Directors

A history of independent directors at Reece


November 21, 2025

A history of independent directors at Reece.

Hi Anthony, you've got me diving down rabbit burrows on Reece - it's such a fascinating company and a fascinating situation with the Wilsons and all the palace intrigue with the comings and goings on the board.

I've had one more thought on a nice line you could use - they've engineered a Wilson family DIY disaster.

Here are the 5 Reece AGMs I've been to over the years:

2008: first time attended at Burwood head office - listen to audio of exchanges.

2009: First ever power point from CEO Peter Wilson - see Mayne Report wrap but the audio links are broken. A Perpetual rep requested distribution of franking credits from the floor.

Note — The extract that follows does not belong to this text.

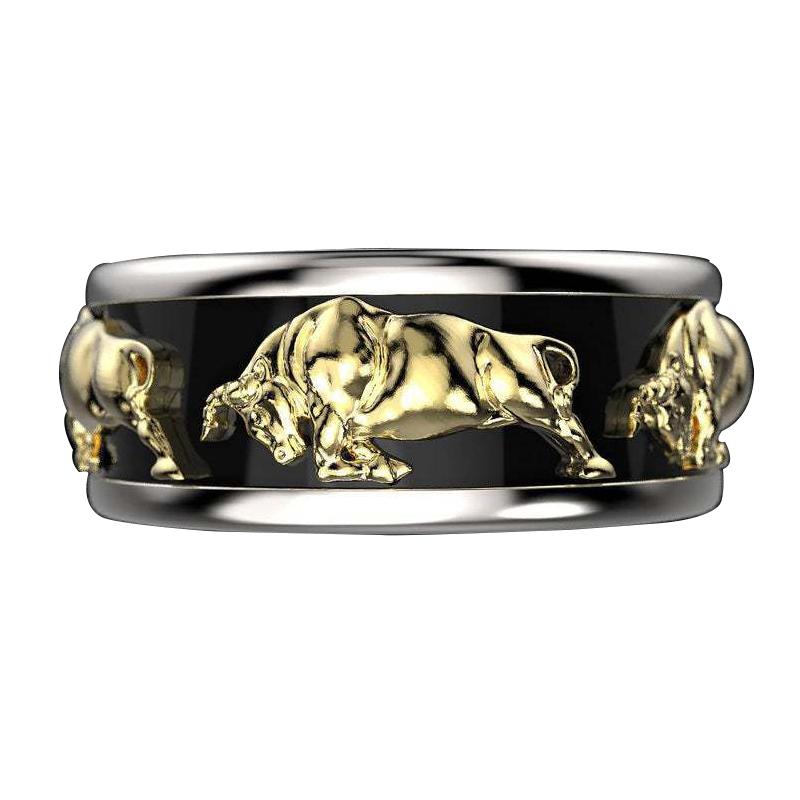 Nieuwe Stier Ring Europa En Amerika Egyptische God Os Tweekleurig Galvaniseren Druppellijm Voor Mannen En Vrouwen Verlovingsring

2010: Attended again and apologies for the broken audio links. Threatened a tilt from "feral feminist Catherine Deveny" if they didn't appoint a female director before next year's AGM and they duly did. Alan Wilson made some shocking comments about female competence.

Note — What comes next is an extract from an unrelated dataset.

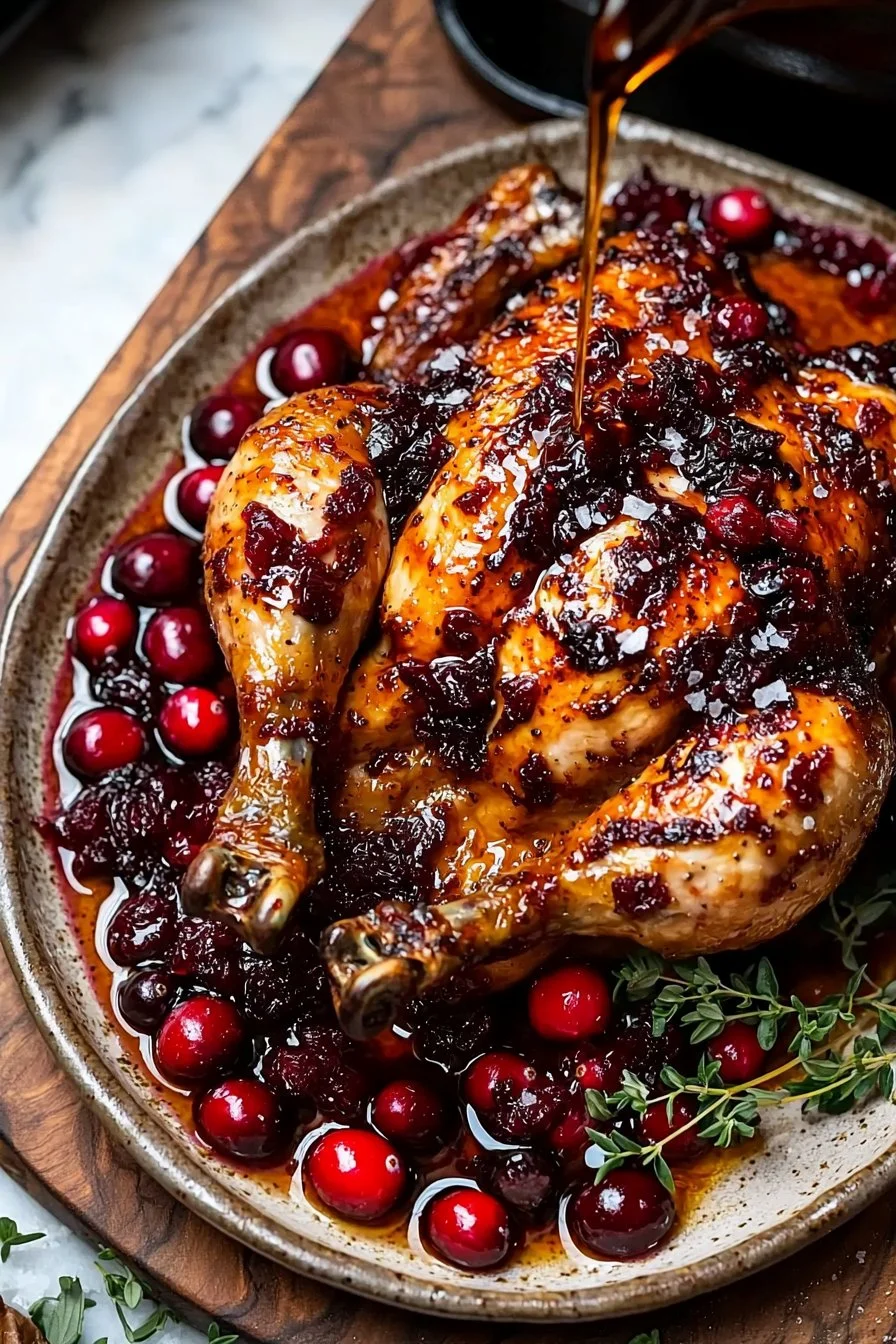 Delicious Cranberry Maple Roast Chicken garnished with fresh herbs and cranberries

2014: October 30, 2014 - no record of what happened.

2023: asked these 6 written questions.

At two of the first 3, I remember Alan Wilson showing shareholders videos of "DIY disasters" - their whole business model was based on working with licensed white van plumbers, as Peter Crowley explained at that Fletchers AGM last year.

You'd see people falling off ladders or stuffing up their reno. Here's a link to a reference to the competition they used to run. What has happened in America could be pitched at Peter Wilson's own DIY disaster with the stock down 65% from the peak. Afterall, how the hell can they can they bring Sasha Nikolic back from America to be Peter's number two and on the board, when he's spent the last few years running the imploding US division. Nikolic got a ridiculous $13m LTI payout in 2024-25. See p46 of the annual report. This is in addition to Peter Wilson's crazy package as Rear Window explained earlier in the week. A rem strike seems certain this year, which brings us to the Reece board.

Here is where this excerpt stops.